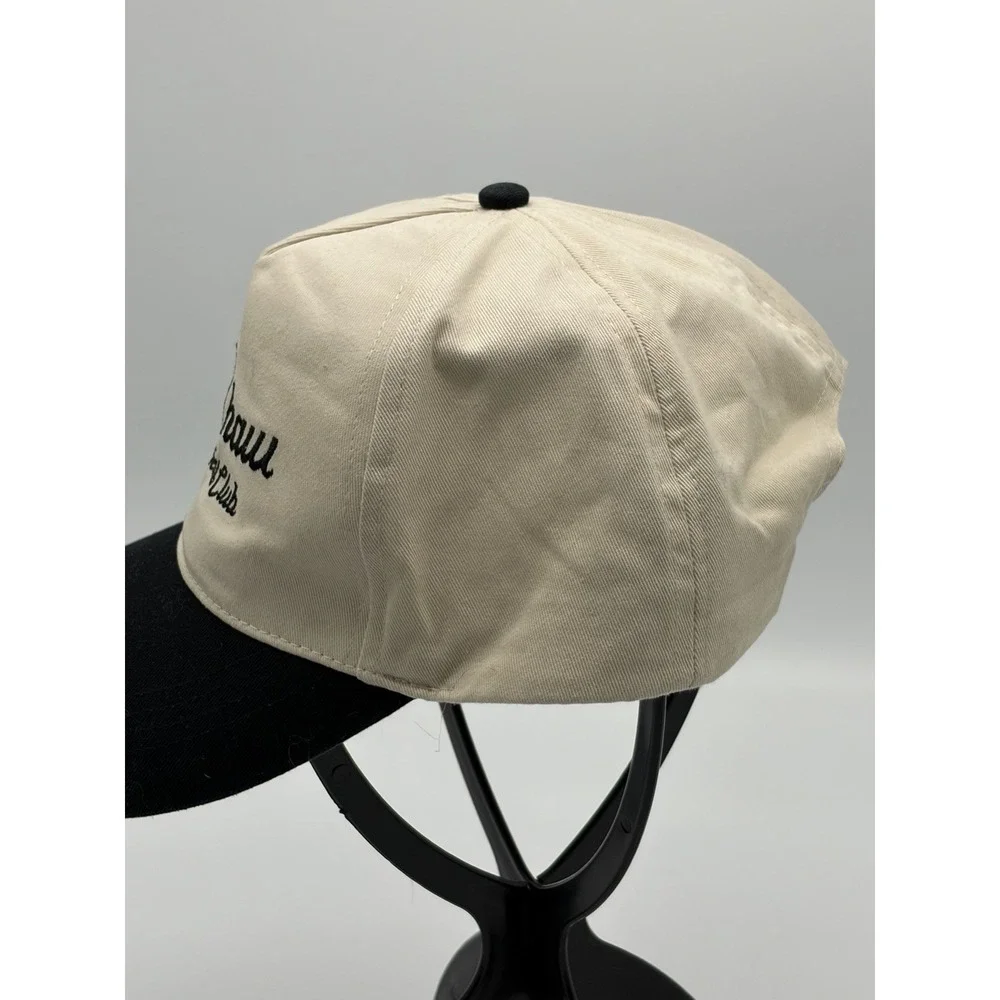 Yeehaw Cocktail Club‎ Baseball Cap Snapback hat Crème Beige Black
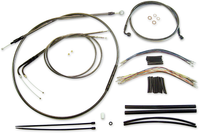 Magnum Shielding Magnum Shielding 0662-0083 Black Pearl™ Designer Handlebar Installation Kit - 15"-17" - '14-'22 Sportster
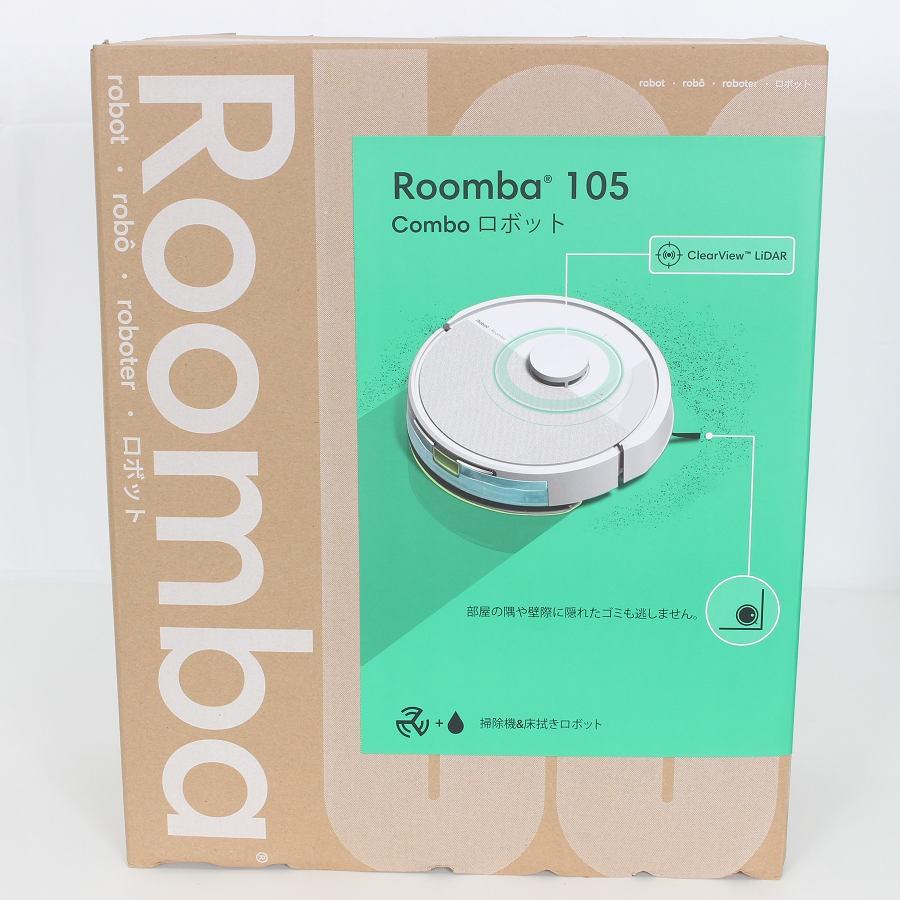 ボーナスストア+5％【新品未開封】iRobot ルンバ105 コンボ Y311260 ホワイト ロボット掃除機 アイロボット Roomba 本体 | 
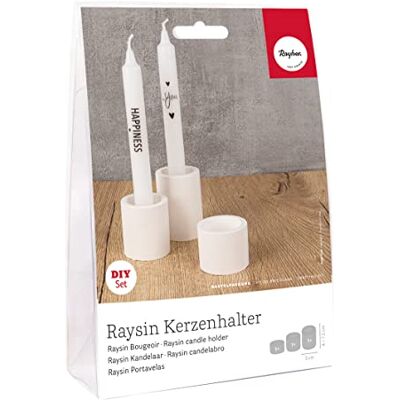 Rayher Hantverkssats för gjutning av ljusstakar, för teljus och avsmalnande ljus, 1 form, Raysingjutpulver, ljusöverföringsfilm, 34472000 Rayher Hantverkssats för gjutning av ljusstakar, för teljus och avsmalnande ljus, 1 form, Raysingjutpulver, ljusöverföringsfilm, 34472000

**Directions:**
With images omitted, output the data exactly as given.

**Task solution:**
 Yeehaw Cocktail Club‎ Baseball Cap Snapback hat Crème Beige Black
 Magnum Shielding Magnum Shielding 0662-0083 Black Pearl™ Designer Handlebar Installation Kit - 15"-17" - '14-'22 Sportster
 ボーナスストア+5％【新品未開封】iRobot ルンバ105 コンボ Y311260 ホワイト ロボット掃除機 アイロボット Roomba 本体 | 
 Rayher Hantverkssats för gjutning av ljusstakar, för teljus och avsmalnande ljus, 1 form, Raysingjutpulver, ljusöverföringsfilm, 34472000 Rayher Hantverkssats för gjutning av ljusstakar, för teljus och avsmalnande ljus, 1 form, Raysingjutpulver, ljusöverföringsfilm, 34472000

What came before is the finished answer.